Konsekuensi dari dikabulkannya permohonan pembatalan perdamaian oleh kreditor
berupa mengakibatkan debitor pailit.
Perdamaian yang dihomologasi dalam PKPU
diputus oleh pejabat umum yang berwenang, dalam hal ini adalah majelis hakim.
Notaris juga merupakan pejabat umum yang berwenang untuk membuat akta otentik
sejauh pembuatan akta otentik tertentu tidak dikhususkan bagi pejabat umum
lainnya. Produk dengan pembuktian sempurna yang salah satunya adalah akta yang
dibuat oleh atau di hadapan Notaris merupakan akta autentik, dan memiliki
pembuktian sempurna, dengan segala akibatnya (Kohar, 1983).
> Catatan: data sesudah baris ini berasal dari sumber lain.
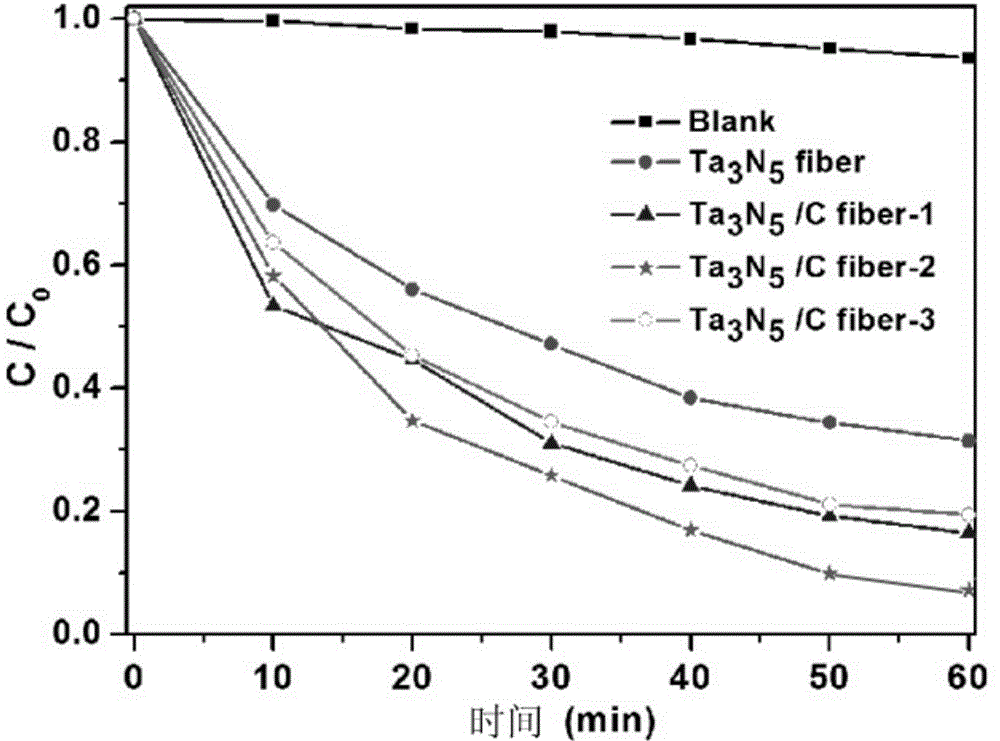 Ta3N5/C composite fiber photocatalyst and preparation method thereof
Berdasarkan pengertian tersebut sangat jelas bahwa, Notaris berwenang membuat
akta sepanjang dikehendaki oleh para pihak atau menurut aturan hukum wajib
dibuat dalam bentuk akta otentik. Notaris sebagai Pejabat Publik produk
akhirnya yaitu akta otentik, yang terikat dalam ketentuan hukum perdata
terutama dalam hukum pembuktian (Sukarno, 2016).
Pada Putusan Nomor
125/Pdt.Sus-PKPU/2021/PN.Niaga.Jkt.Pst telah dilakukan homologasi atas proposal
perdamaian antara PT Ade Pede Realty selaku debitur dengan para kreditur yang
pada intinya, penyelesaian atas perdamaian dilakukan dengan cara penjualan aset
terlebih dahulu dan tanpa didasarkan pada grace period. Putusan Majelis Hakim
Pengadilan Niaga Jakarta Pusat adalah: Menyatakan sah dan mengikat perdamaian
yang dilakukan antara Debitur dengan Para Krediturnya sebagaimana yang telah
disepakati bersama dalam Perjanjian Perdamaian pada tanggal 18 November 2021
tersebut; Menghukum Debitur (Pemohon PKPU) dan Para Kreditur untuk tunduk dan
mematuhi serta melaksanakan isi Perjanjian Perdamaian tertanggal 18 November
2021 yang telah disepakati; Mentatakan Penundaan Kewajiban Pembayaran Utang
(PKPU) Nomor 125/Pdt.Sus-PKPU/2021/PN.Niaga.Jkt.Pst demi hukum berakhir;
Menetapkan imbalan jasa Pengurus dan biaya pengurusan selama proses PKPU
dibebankan pada Debitur (Pemohon PKPU) akan ditetapkan dengan penetapan
tersendiri; Menghukum Debitur (Pemohon PKPU) membayar biaya perkara sejumlah
Rp7.740.000 (tujuh juta tujuh ratus empat puluh ribu Rupiah).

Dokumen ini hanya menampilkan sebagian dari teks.